Our hero, Tom Rashman (Robert Stanton), the only guy under 50 in the room, spends the first half-hour as Mr. Grodin’s expositional pawn. New to the board, he can ask things like “What’s the social register?” and, my hand to God, “What’s limestone?” so that we can get the explanations out of the way. Brought onto the board by his beloved uncle Frank (Edwin Owens), Tom sees, as we see, that the board members have been corroded horribly by power. The board members see themselves as guardians of their pricy citadel, and years at the gates have made them suspicious of anything new (or potentially mess-making).
Tom wants to believe only the best of his uncle – it is not just familial loyalty that keeps them close, but also some hefty co-investments in Broadway musicals. This lets Mr. Grodin make hamhanded jokes about the risks of the theater, punctuated by two spit-takes and a look to the audience. Director Chris Smith only just restrains himself from adding a shave-and-a-haircut sound effect.
Mr. Grodin’s “climax” almost makes it past the audience unnoticed.In a profoundly uninteresting struggle for board control, Tom fails to back his uncle. The betrayal takes on ridiculous proportions, driving the family apart, and damaging the older man’s health. Here Mr. Grodin misses his comic mark – it’s not just that these pathetic building politics exist, but that they can make or break a man’s psyche. These Fifth Avenue apartments may overlook the Park, but they certainly encourage only the most limited perspectives.

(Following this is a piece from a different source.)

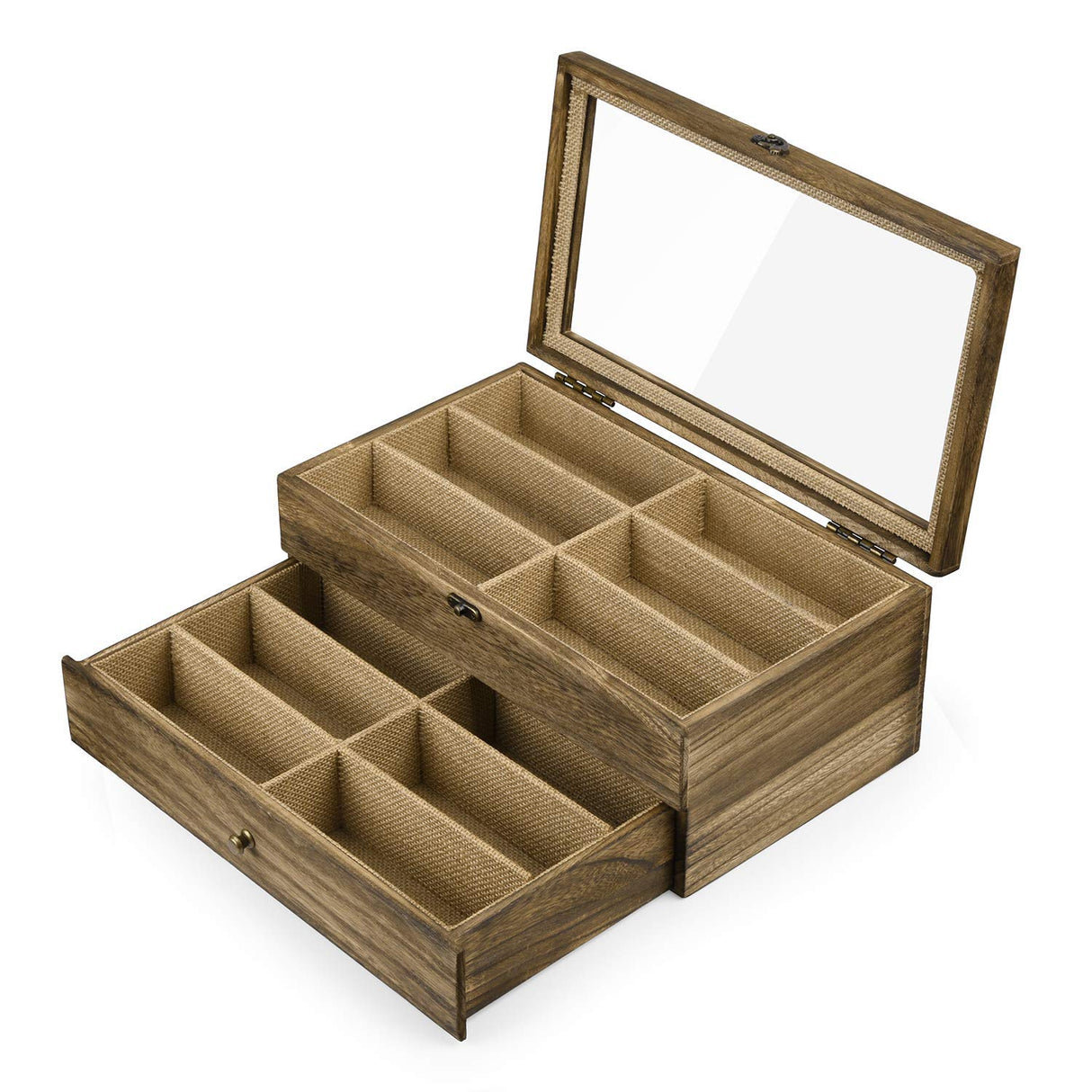 SRIWATANA Sunglasses Case Organizer for Women Men, 12 Slot Wood Eyeglass Eyewear Display Box with Glass Top, Gifts for Loved One, Carbonized Black SRIWATANA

The play wakes up from its doze only briefly, when a brash couple from Kansas City arrives for an interview. Fred Burrell, playing a Midwestern straight shooter, finally puts the toffs in their place. He has only a handful of lines to deliver, but his outraged disgust shows us one of many directions a better playwright might have gone. Instead, in “People,” attachments must be stated aloud, subtlety (except in room decor!) is discouraged, and a sad bit of audience-address takes the place of a conclusion.
While Primary Stages has picked a poor play, it does its usual bang-up job of choosing fantastic actors. Poor Mr. Stanton, with his easy everyman befuddlement, has to churn his wheels wildly just to get a little emotional traction. Mr. Owens telegraphs his state like a madman, but no more, perhaps, than a lonely fellow who wants to be pitied. Out of the gaggle of board members, Doris Belack stands out as the perpetually ruffled Betty Butler, constantly standing on her terrible principles. And certainly it’s a pleasure to see all these old hands on deck. But how grim to watch this leaky script capsize them.
Until March 5 (59 E. 59th Street, between Madison and Park Avenues, 212-279-4200).